Here’s what else she told us about making decisions, changing directions, and encouraging virtual conversations.
Rooted in Creativity
Lee’s made no secret of the fact that she’s really into comics (she owns over 1,000 comic books) and would like to write and illustrate a graphic novel someday. The creative bug bit early, and Lee can recall telling her parents in high school that she wanted to pursue an art degree. “They said no; they’re Asian,” Lee says, laughing. “So I ended up at Stanford in computer science.”
It wasn’t until much later that Lee says she discovered she wasn’t the next Picasso. However, she continued to indulge her creative side, eventually getting hooked on making sets  at the nascent Polyvore. Her takeaway from that "failure?" “At Polyvore, I work on a platform that allows empowers other people to be creative, that is in some ways more satisfying than being the artist.” The same goes for managing her staff. “Rather than doing something myself, if I can help someone else do it, it’s really rewarding.”
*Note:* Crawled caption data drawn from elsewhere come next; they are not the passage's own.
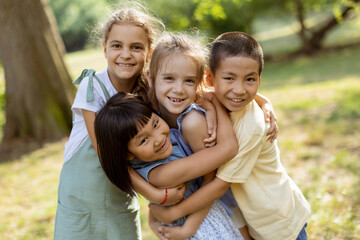 Group of asian and caucasian kids having fun in the park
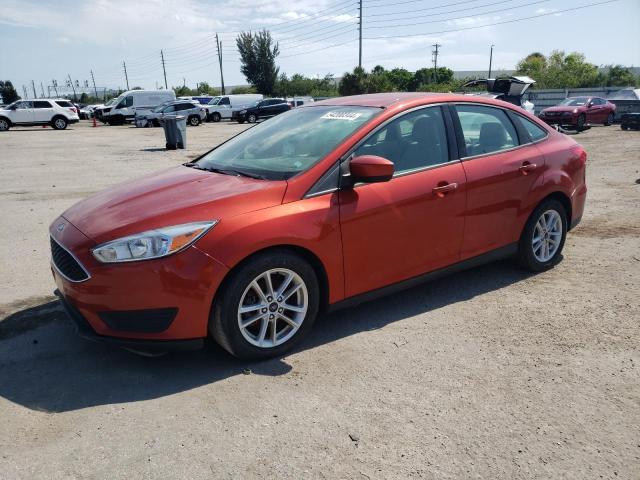 FORD FOCUS SE 2018 with VIN 1FADP3F23JL256288 - Photo from auction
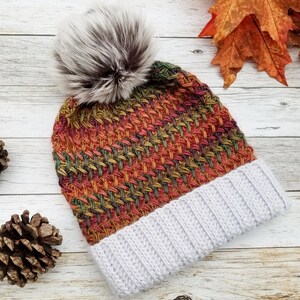 May include: A hand-knitted winter hat with a gray ribbed brim and a colorful woven pattern in shades of orange, red, green, and yellow. The hat is topped with a large, fluffy, gray and brown faux fur pom-pom. The hat is displayed on a light wood surface.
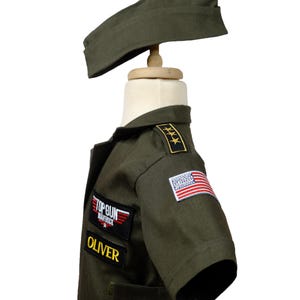 May include: Olive green Top Gun Maverick costume for children, including a jacket, hat, and name tag. The jacket features the American flag patch and the name "Oliver". The costume is designed to resemble a military uniform.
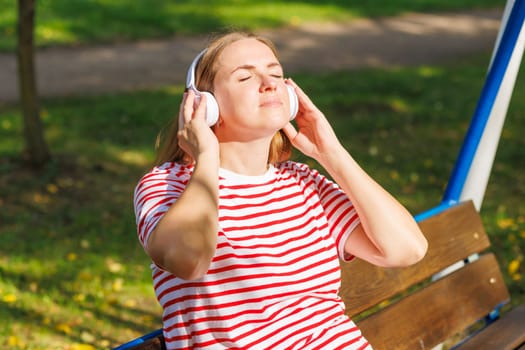 A woman wearing headphones listening to music, breathing fresh air, relaxing while sitting on a bench in sunny day in the park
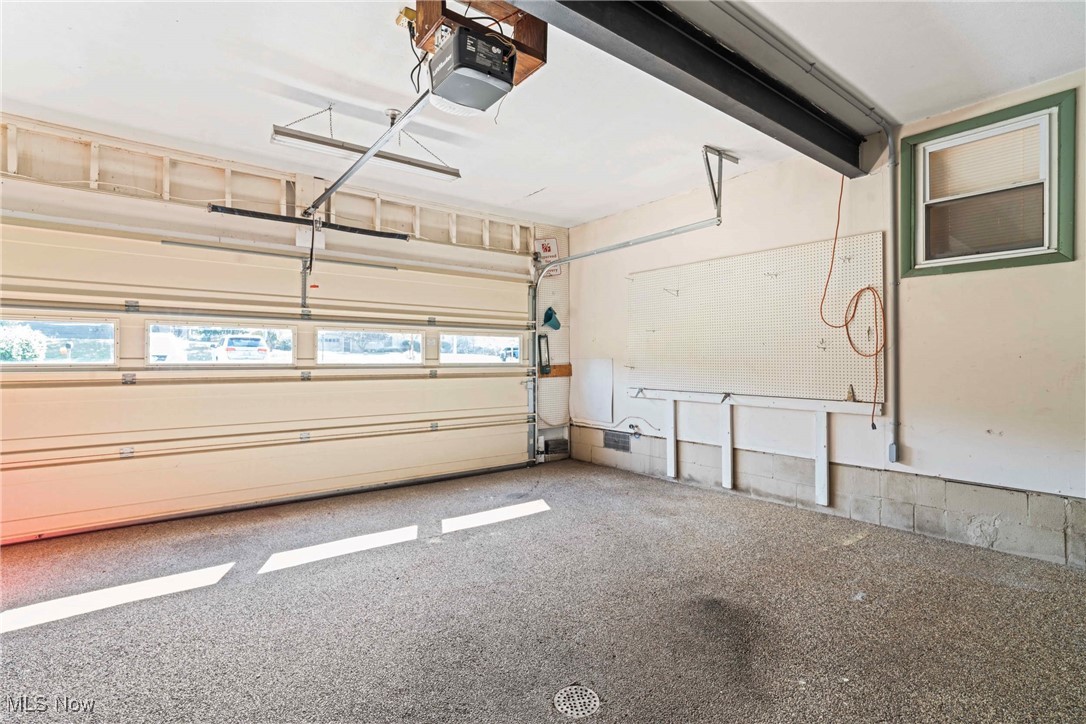 4270 Mellinger Road Canfield, OH 44406 - Photo 49 of 49 Garage featuring a garage door opener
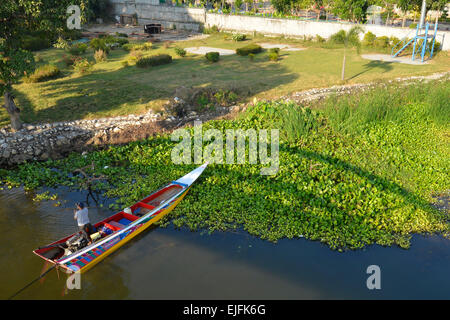 A boat sits under the Death Railway Bridge over the River Kwai, Kanchanaburi, Thailand Stock Photo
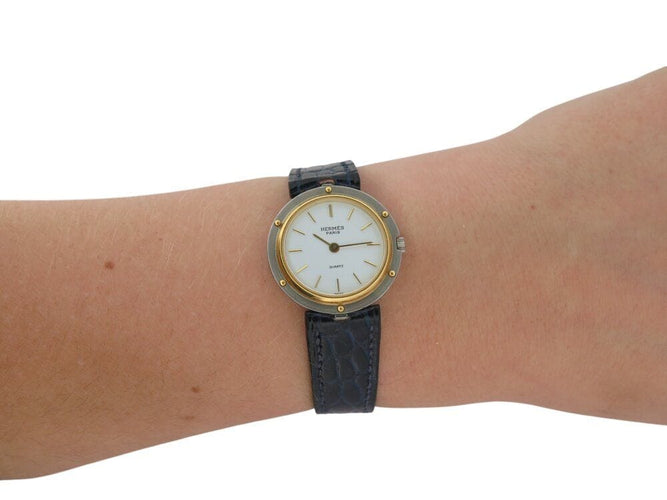 Montre vintage montre HERMES clipper 26 mm en or 18k et acier quartz  lady 58 Facettes 268714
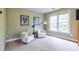 Comfortable sitting area with two armchairs and a window in a naturally lit room at 616 Piping Rock Pt, Lawrenceville, GA 30043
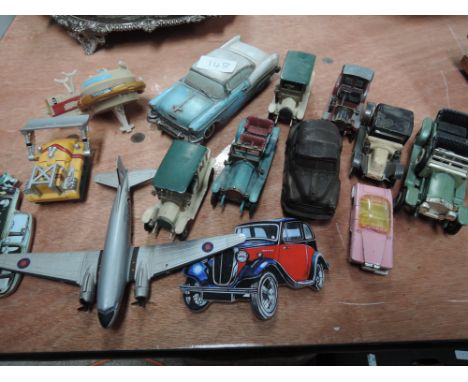 A collection of vintage toy cars and Thunderbird 5 etc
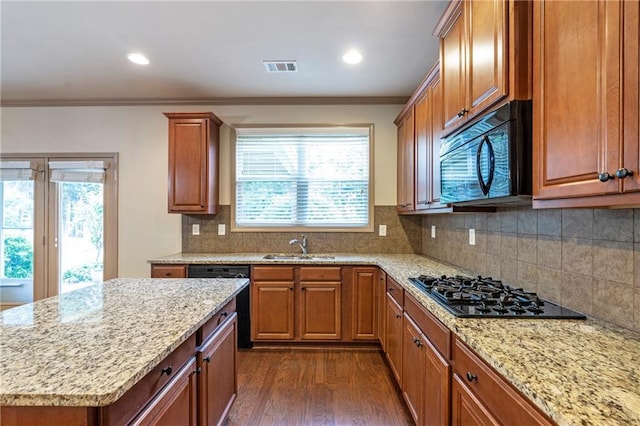 kitchen with crown molding, visible vents, dark wood-style floors, light stone counters, and black appliances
Lee’s first work experience came at her mother’s side. While the family lived in Hong Kong, Lee’s mother ran her own business doing English-to-Japanese translation. “Mom paid me to count the number of words in her translation,” Lee explains, a task that taught her the importance of detail. But Mom provided an unspoken lesson: “It was never unusual for a woman to run her own business. She set that example.”
Later on, Lee’s first “proper” job was at a small entertainment magazine in Hong Kong that she likens to Time Out NY. “It was kind of a startup,” says Lee, which meant that everyone had to wear different hats. Like the time the food writer suddenly quit and Lee--just 18 at the time--was sent off to review a high-end restaurant. “That experience taught me to be scrappy and take on a lot of responsibility.”
These early experiences went on to color Lee’s career, first when she sidestepped an opportunity at Intuit in favor of the less-established Google, and again when she made the risky leap to Polyvore .
It’s also influenced her management style. “I think I am very hands-on because when Polyvore was smaller everyone had to do everything. I wrote code, sold ads, did dishes, and went on food runs,” she says, admitting that now it’s sometimes hard to let go.
One thing she did learn managing half of Polyvore’s growing staff (now totaling 32) is that happy people are productive people. “I always try to make sure people are excited about what they are working on,” she says. And if she needs inspiration or the answer to a difficult question on managing teams, she often finds herself referring back to blog posts penned by well-known angel investing partners Marc Andreessen and Ben Horowitz.
Organic Growth and the Wisdom of Crowds
Though she credits the experts, Lee is quick to point out that Polyvore’s evolution from a generic tool to create mood boards has been driven by its users. “It’s definitely been organic from early on. Our fan base has been a guiding light. They are the ones who showed us that fashion was the right first vertical.” Now, even the ad programs featured on Polyvore  are ones that were originally developed for the user community.
Challenges and Changing Attitudes
Though Polyvore’s been an influence, Lee maintains that social media landscape at large continues to be the disruptive force behind the democratization of fashion. “Social media gives everyone a voice. Designers can choose to participate in the conversation, but the new world of transparency is a big challenge,” she says. However, it’s one that can be tackled just by participating in an authentic way. “Fans appreciate that. The problem is when you don’t engage.”